> _What you need to do_
The material below has pictures in it. Set down only the lines from the line containing "Snapshot of simplykhate" through the line containing "आखिरकार हटा के", word for word, and leave the pictures behind.

> _Material for the task_
====

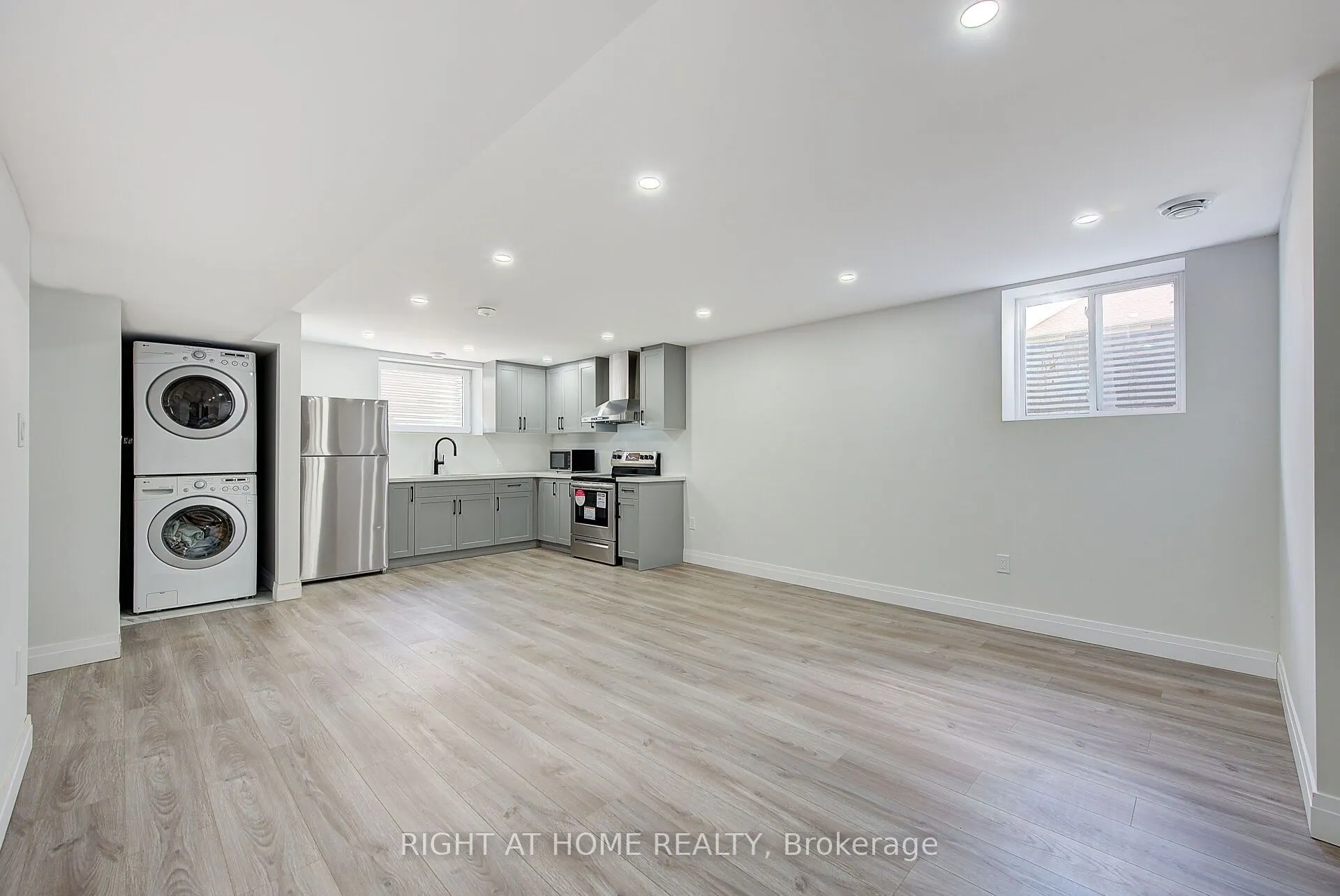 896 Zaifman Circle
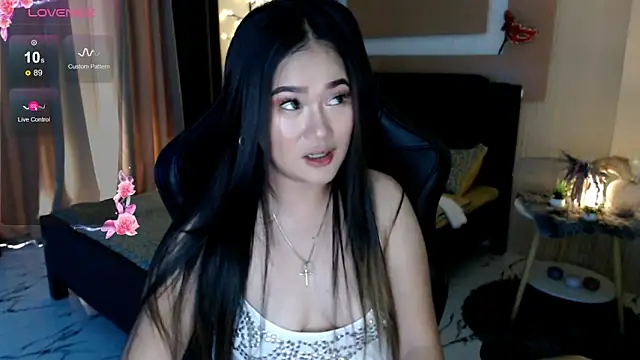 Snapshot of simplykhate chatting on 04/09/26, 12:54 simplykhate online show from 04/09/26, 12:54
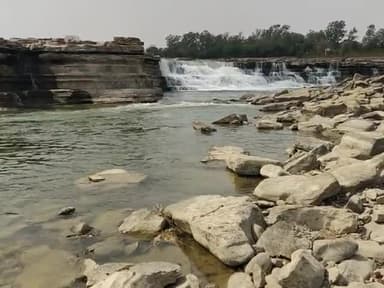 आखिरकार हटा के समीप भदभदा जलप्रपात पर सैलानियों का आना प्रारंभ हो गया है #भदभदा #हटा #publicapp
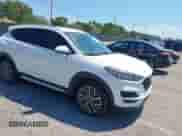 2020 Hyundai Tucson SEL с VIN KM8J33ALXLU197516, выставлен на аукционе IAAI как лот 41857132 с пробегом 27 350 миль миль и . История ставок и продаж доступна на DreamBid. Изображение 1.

====

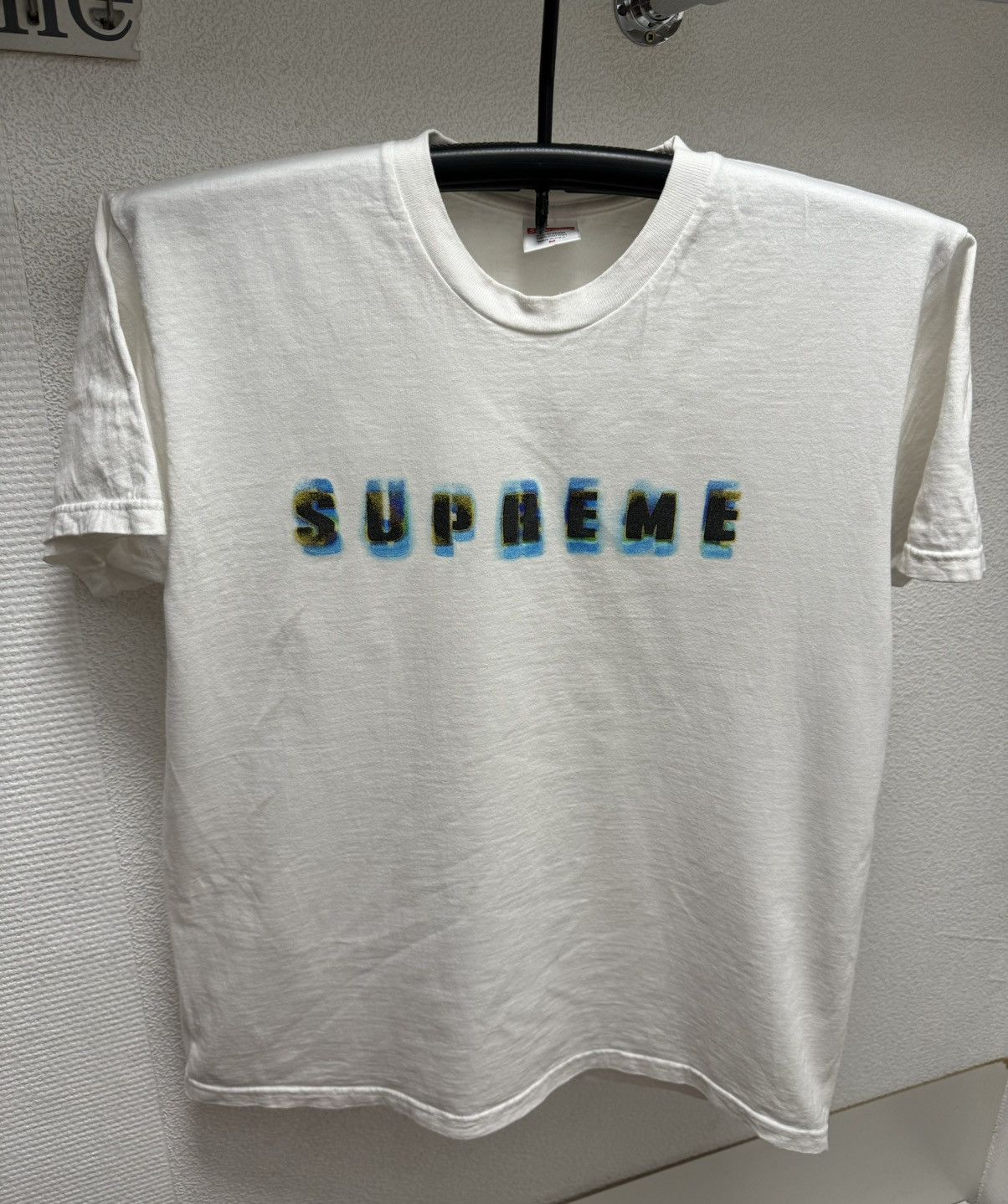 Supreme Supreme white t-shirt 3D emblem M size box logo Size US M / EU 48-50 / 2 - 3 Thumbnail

====

> _Task response_
 Snapshot of simplykhate chatting on 04/09/26, 12:54 simplykhate online show from 04/09/26, 12:54
 आखिरकार हटा के समीप भदभदा जलप्रपात पर सैलानियों का आना प्रारंभ हो गया है #भदभदा #हटा #publicapp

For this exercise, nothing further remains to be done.